Yanına aldığı Hüsamettin Bey! Ergenekon gölgesinde kongre yapmaya soyunan, daha önce de emanetcilik yapıp, 'ben siyaseti bıraktım ne haliniz varsa görün' diyerek evine giden eski Meclis ve parti başkanı.

Ve de ANAP?!

Hangi ANAP?

Rahmetli Turgut Özal'ın ANAP'ı tarihe karıştı.

Şimdi onun sadece tabelası kaldı geride.

Ama illa da tutuklu olup da televizyon sahibi olan Mehmet Haberal.

Televizyonu olup da onu satan Tuncay Özkan.

Yani Ergenekon Mızıkacıları.

Bu tayfayı, Cindoruk şöyle tanımlıyor: 'Şu an parti arayışı içinde olan pek çok hareket var hatta bu hareketi yapanların kimi tutuklu, televizyonları var. O arayışları yapanlar da, alacağımız sonucu bekliyor.'

Bu arada Sayın Demirel, Haberal'a, 'Bu memlekette vatanperver olmanın bedeli var. Sen şimdi bu bedeli ödemeye gidiyorsun!'
demişti.

Haklı Demirel.

Bu bedeli daha önce çok ağır biçimde ödeyenler var.

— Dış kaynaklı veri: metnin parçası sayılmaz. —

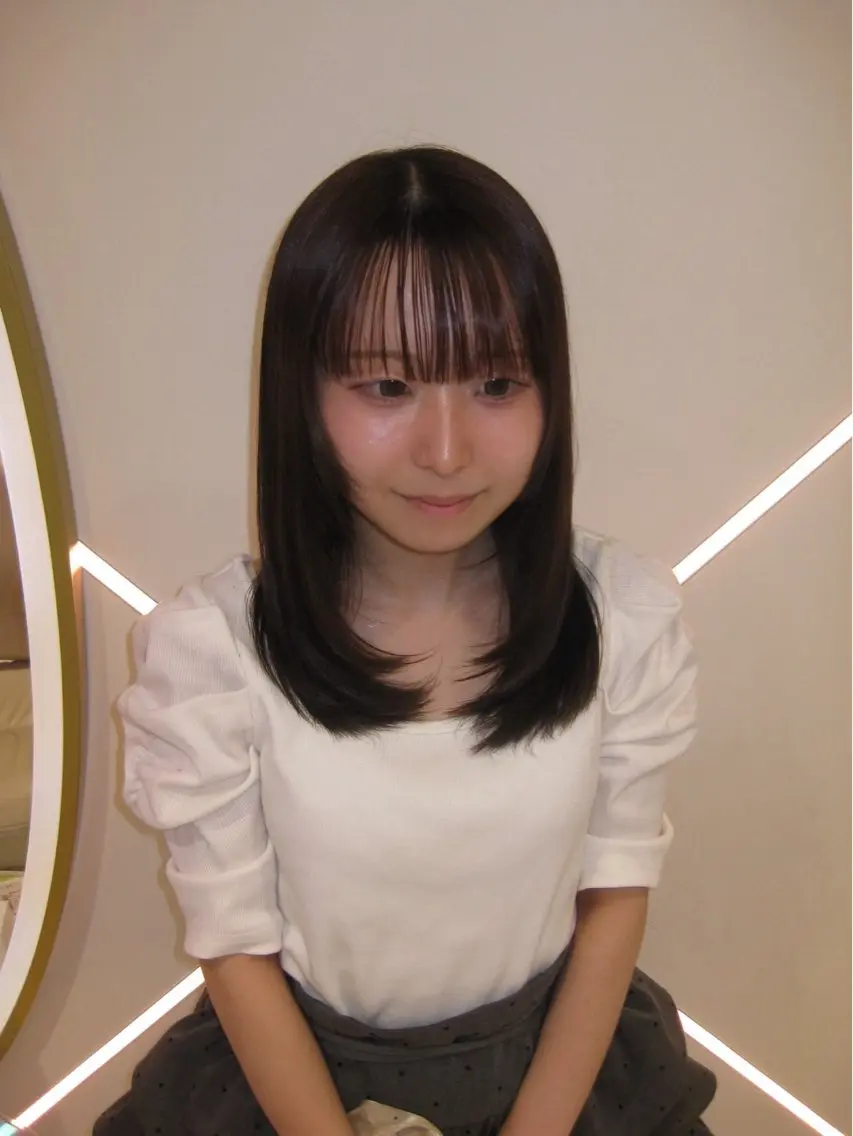 ミディアム カラー ブラウンカラー 透明感カラー ヘアカラー MONA kureaのヘアスタイル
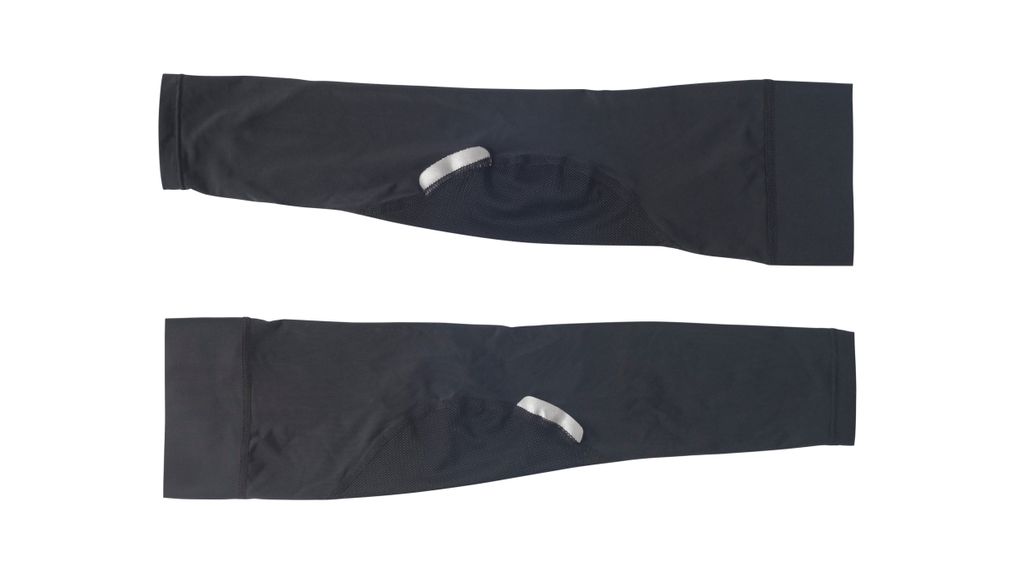 Why do runners wear arm sleeves? Advnture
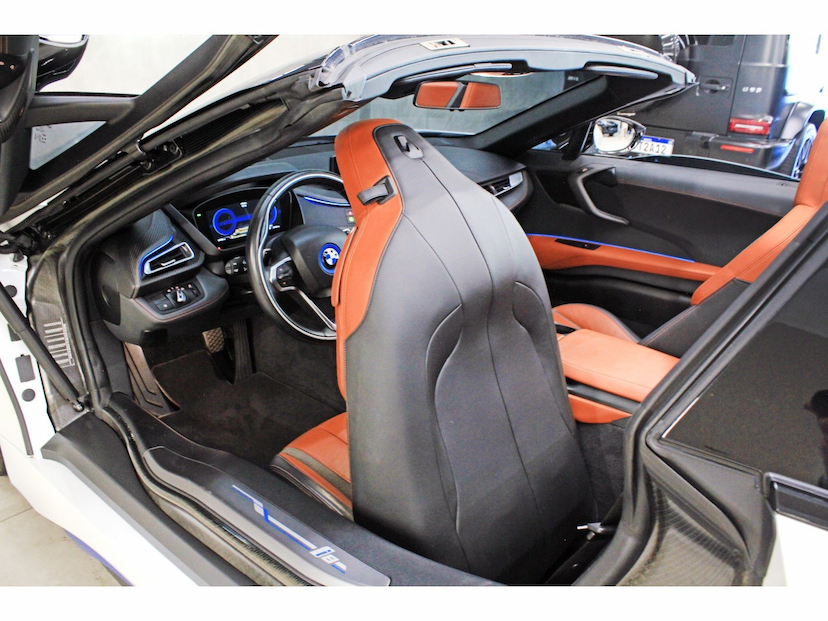 Foto do veículo BMW I8 1.5 12V HYBRID EDRIVE ROADSTER AUTOMÁTICO 2020 14.800 KM 1.189.800,00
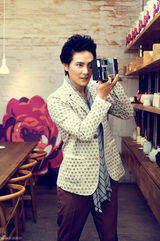 组图：丁子峻写真绅士风 动静间展迷人魅力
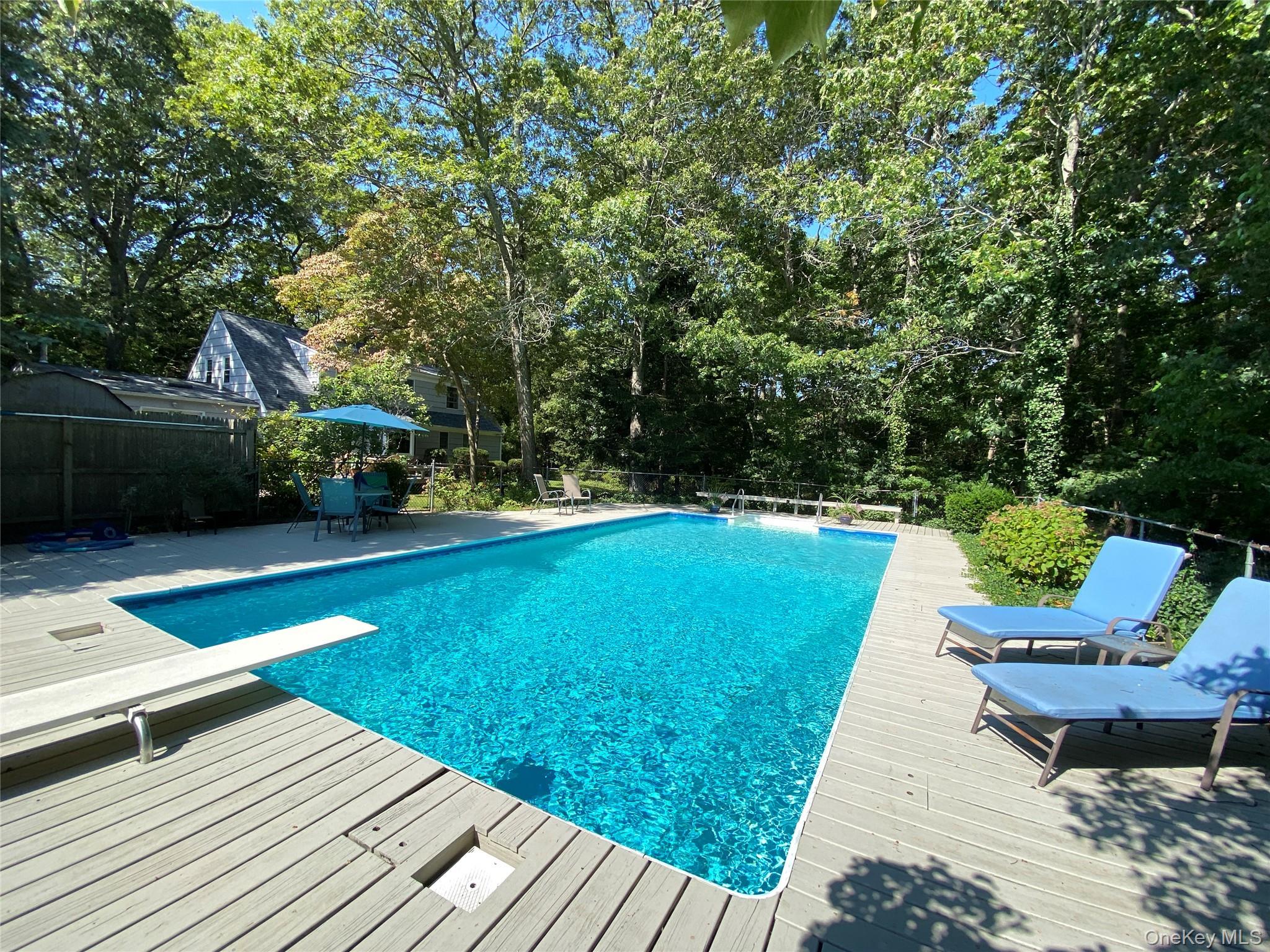 Single Family Laurelwood  Suffolk County, NY 11948, MLS-919006-5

Adnan Menderes, Fatin Rüştü Zorlu, Hasan Polatkan'dan tutun da Nazım Hikmet'e, Kemal Tahir'e, Sabahattin Ali'ye, Deniz Gezmiş'e kadar, sağcısıyla solcusuyla, onca insan ya celladın kemendine boynunu uzattı ya da yıllarca hapislerde çürüdü. Ama bunların hiç biri darbe yanlılarıyla, 'Amma da çok oy aldı adam be! Alaşağı ediverek gayri!' gibi ilkel, anlamsız ve de hiç bir sonuç sağlayamayacak işlere kalkışmadı. Gerçek 'vatanperverler' bunlardı işte.

Demirel'in darbeciler ve asker iktidar olsun diyenlerle birlikteliğe soyunmasını da en başka kendisi olmak üzere kimsenin açıklaması mümkün değildir!

Sarıgül: Kırık testinin kulpu olmak istemedim
Şişli Belediye Başkanı, Mustafa Sarıgül, DSP'nin iç işlerine karışmak istemediğini söylüyor.

'Ben kırık testinin kulpu olmam!' açıklamasını, 'Sosyal demokratlar yeni bir genel başkan değil, yeni hareket bekliyor' diye noktaladı dün Edirne'de.

Mustafa'nın herkesten daha iyi bilmesi gereken bi şey var. Türkiye'de biz harekete oy veririz ama önce o hareketin başında kim var ona bakarız!

Sen Şişli'den seçiliyorsun. Kim seçtiriyor seni? CHP mi DSP mi? Hayır senin çabaların. Aynı şey Eskişehir için de geçerli değil mi? Sayın Büyükerşen, açık ara seçim kazanırken, DSP Türkiye genelinde nal topladı. Ordu'da da aynı şey oldu!

Niye Ak Parti seçimlerde fark atıyor? Sayın Tayyip Erdoğan yüzünden?

Bu kadar basit!

Kırık testinin kulpu olmak istememene tamam hareket bereket bekliyorsan, kusura bakma ama, daha çok beklersin!


DTP'li Ayna: Ne Toptan'la görüşürüm ne savcıyla...
DTP Genel Başkan Yardımcısı Emine Ayna, haklarında fezleke hazırlanan beş DTP Milletvekili'nin 'savcıya ifade vermeyi düşünmediğini!' söyledi.

TBMM Başkanı Köksal Toptan da, 'suçları dokunulmazlık öncesi işlenmiştir' gerekcesiyle beş milletvekilini çağıran savcıya yeşile yakın sarı ışık yaktı.

Şimdi, bir yandan Cumhurbaşkanı Kürt açılımından söz ediyor, iktidar kültürel ve ekonomik girişimleri gündemine alıyor, öte yandan hukuk açısından tartışması hiç bitmeyecek, bir itiş kakış başlıyor!

Bu milletvekillerinin suçu Abdullah Öcalan'ı övmek ya da ona 'Sayın' demek. DTP'liler hiç bir zaman, doğal ve de ebedi, hatta ezeli liderlerinin Apo olduğunu inkar etmiyor ki! Ama bu arada önemli olan dokunulmazlığın kişiye özel konumu! Kimilerinin dokunulmazlık zırhı sırtlarında sapasağlam, kimilerininki lime kime! Olmaz! Köksal Bey'in doğru kararı vereceğine hiç kuşkum yok; çünkü demokrasiyi içine sindirmiş bir siyasetcidir! Tekrar 1994'de DEP'li milletvekillerinin başına gelenler gelmesin. O zaman da bu dört milletvekilinin dokunulmazlığı kaldırılmış, Orhan Doğan, Leyla Zana, Hatip Dicle ve Selim Sadak, yıllarca hapis yatmıştı!